Tanzimat Osmanlı muhafazakarlığını, Meşrutiyetler Tanzimat’ı, Cumhuriyet tamamını kötüleyerek kendine meşruiyet kazandırmaya çalıştı.
Geçmişin eksikliklerini, arızalarını, yanlış tutumlarını gidererek, düzelterek, tamir ederek aşmayı değil, bilakis ilgili tartışmaları derinleştirerek negatif bir söylemle birbirleri üzerinden geleceğe taşıdılar.
Bu nedenle birbirlerine göre farklılık ortaya koyamadıkları gibi, benzerlikleri olsun koruyarak, kendilerine mahsus bir yer açamadılar.

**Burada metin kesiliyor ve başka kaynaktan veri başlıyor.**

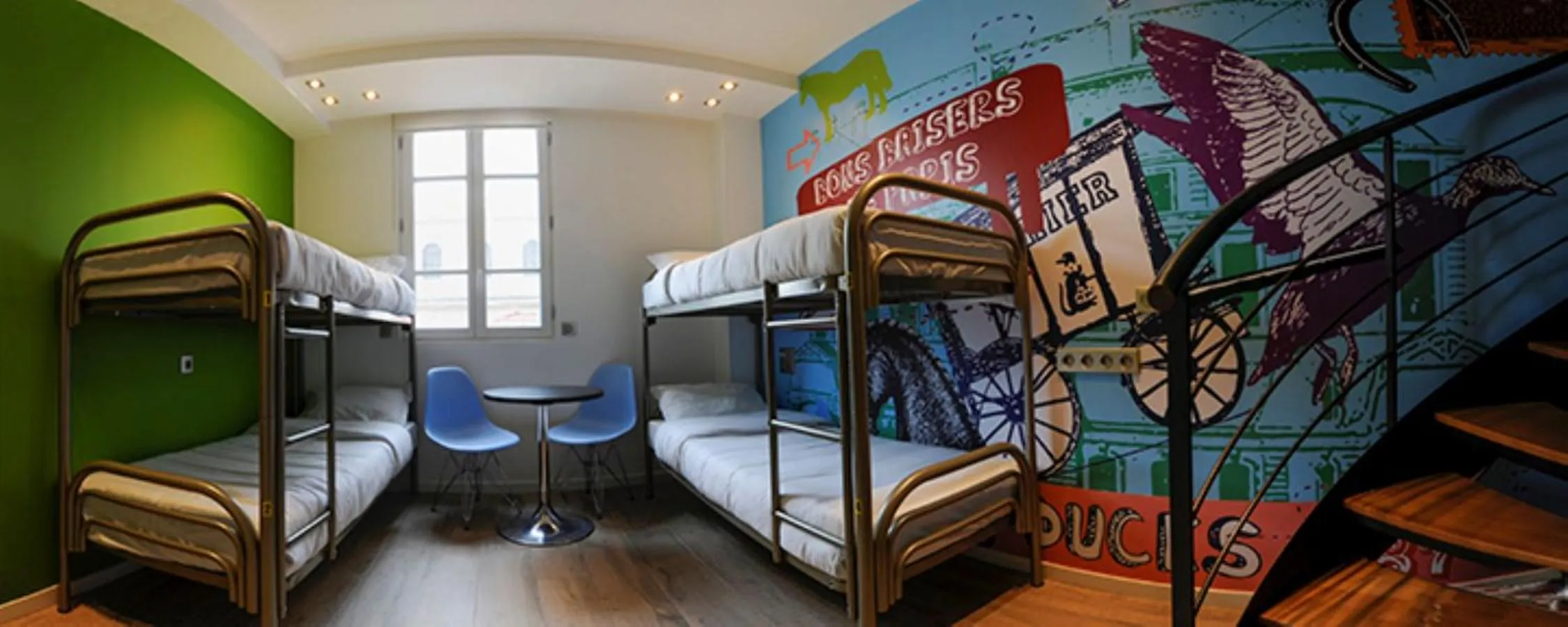 Bedroom, Bed in The 3 Ducks Eiffel Tower by Hiphophostels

Neticede her üçü de, yönetim bakımından bir yenilik vadetseler de, halkı devlete sahiplik duygusuyla harekete geçirecek düşünsel bir atılıma sahip olamadılar. Bilakis, Batılılaşma eksenli değişimleri dayatma zorbalığında yarıştılar.
CHP ise, bu süreci değiştirilmeyecek ve değiştirilmesi dahi teklif edilemeyecek bir umde olarak benimseyip, bunu siyasi savaşının en önemli nesnesine dönüştürdü.
Öyle ki, Osmanlı’yı dindarlığın, dindarlığı ise Osmanlıcılığın bir alameti gibi görerek ve göstererek halka, milli tarihe, ilgili maddi ve manevi değerlere savaşı kendi zihniyetinde meşrulaştırdı; tarih körlüğünü parti tarihine zemin yaparak kendi aslına kattı.